Performance And Debugging Tools: TCS

From oldwiki.scinet.utoronto.ca
Jump to navigation Jump to search

Debugging

dbx

dbxB is solid source-language level serial debugger for aix; it works more or less like gdb for stepping through code. For it to be useful, you have to have compiled with symbol information in the executable, eg with -g.

Performance Profiling

gprof

gprof is a very useful tool for finding out where a program is spending its time; its use is described in our Intro To Performance. You compile with -g -pg and run the program as usual; a file named gmon.out is created, which one can use via the gprof program to see a profile of your program's execution time.

Xprofiler

Xprof is an AIX utility for graphically displaying the output of profiling information; it's equivalent to gprof but gives a better `bird's-eye view' of large and complex programs. You compile your program with -pg -g as before but run Xprof on the output:

Xprof program_name gmon.out

Performance counters

hpmcount

On the TCS, hpmcount allows the querying of the performance counter values in the CPUs themselves over the course of a run. Since here we are simply asking the CPU to report values it obtains during the run of a program, the code does not need to be instrumented; simply typing

hpmcount hpmcount_args program_name program_args

runs the job as normal and reports the counter results at the end of the run.

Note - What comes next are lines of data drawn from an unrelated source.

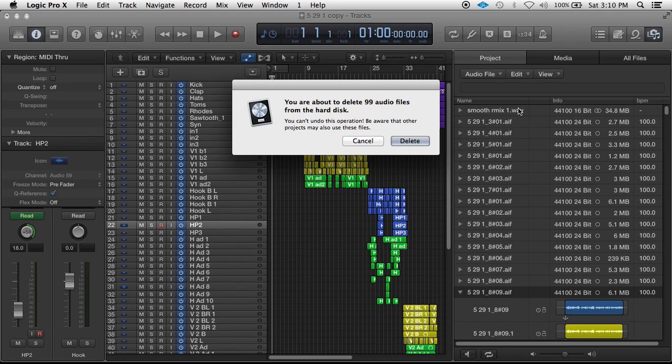So if you do that, 99 audio files that are not being used, and they're all 24-bit, 88.2, so that's a lot of space. We'll just go ahead and delete them.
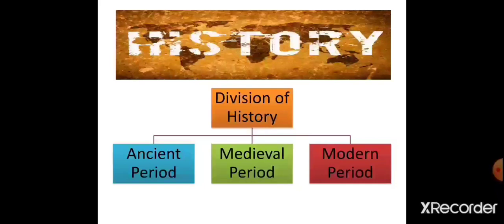Broadly, if we divide history, it can be divided into three parts or three periods: ancient period, medieval period and modern period. You have already studied ancient period and medieval period in class 6th and 7th. Now this year, you are going to study the modern period, in which you will study about the national struggle which has taken place in our country.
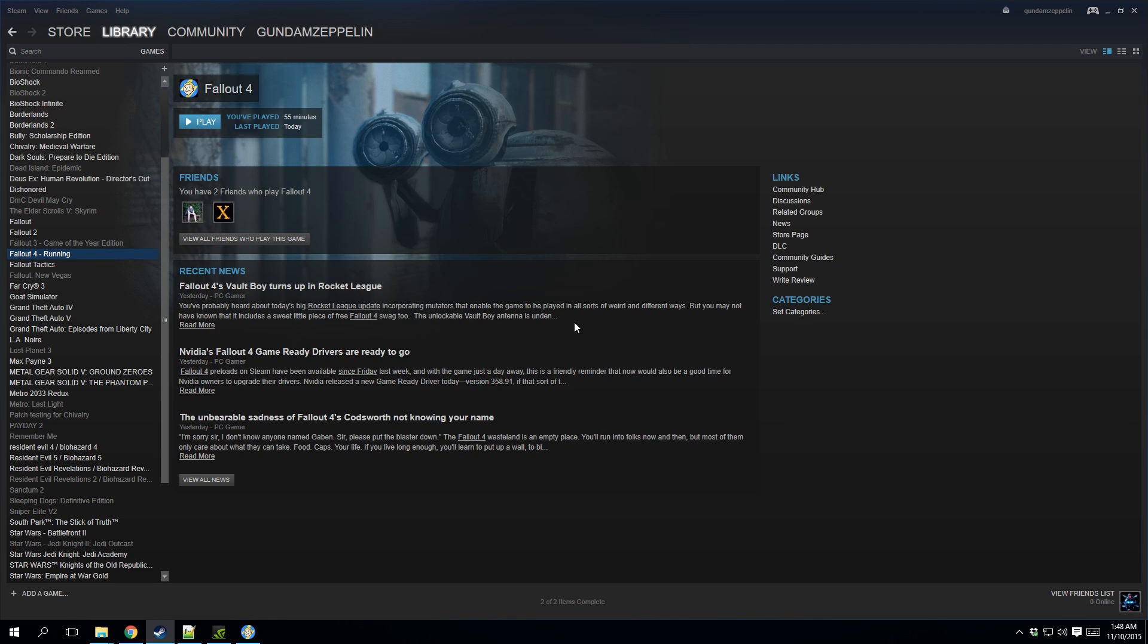Okay, so odds are if you're watching this, you're paused. There's a possibility you're experiencing the terminal issue of Fallout 4.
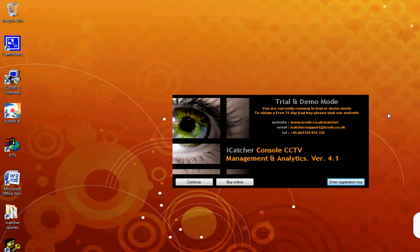If you have a registration key, you can enter it now by pressing the Enter Registration Key button. I am going to press Continue, which starts iCatcher in demonstration mode.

hpmcount -d -s 5,12 program_name program_args

reports counter sets 5 and 12, which are very useful for showing memory performance (showing L1 and L2 cache misses) and set 6 is especially useful for shared memory profiling, giving statistics about how often off-processor memory had to be accessed. More details are available on our Introduction to Performance or from the IBM website.


Performance logging

PeekPerf

An example of using PeekPerf

Peekperf is IBM's single graphical `dashboard' providing access to many performance measurement tools for exmaining Hardware Counter data, threads, message passing, IO, and memory access, several of which are available seperately as command-line tools. Its use is described in our Intro to Performance.

MPE/Jumpshot

MPI defines a profiling layer which can be used to intercept MPI calls and log information about them. This is used by the peekperf package above to instrument code by inserting function calls. The same library and tools can be used manually: eg

$ mpCC -pg a.c -o a.out -L/usr/lpp/ppe.hpct/lib64 -lmpitrace
$ mpiexec -n 2 ./a.out-hostfile HOSTFILE
$ peekview result.viz

(where HOSTFILE is a file containing the TCS devel node hostname; see our FAQ entry for interactive running on the TCS nodes.) The above will use peekview to show the results for up to three of the MPI tasks (those with the minimum, median, and maximum MPI time, respectively); to get more output, one can set the environment variable

export OUTPUT_ALL_RANKS=yes

More information is available online.

jumpshot, part of the MPE development package, can give graphical overviews of the MPI behaviour of programs

Another tool which performs the same task but generates more detailed output is the MPE tools put out by Argonne National Lab. On the TCS, these can be accessed by typing

module load mpe

and then using the mpe wrappers to compile your program: eg

module load mpe
mpefc -o a.out a.F -mpilog   
mpecc -o a.out a.c -mpilog   

Running your program as above will generate a log file named something like Unknown.clog2; you can convert this to a format suitable for viewing and then use the jumpshot interactive trace viewing tool,

clog2TOslog2 Unknown.clog2
jumpshot Unknown.slog2

Note that this tries to open xwindows, so you will have had to login with ssh -X or ssh -Y into both login.scinet and tcs01 or tcs02.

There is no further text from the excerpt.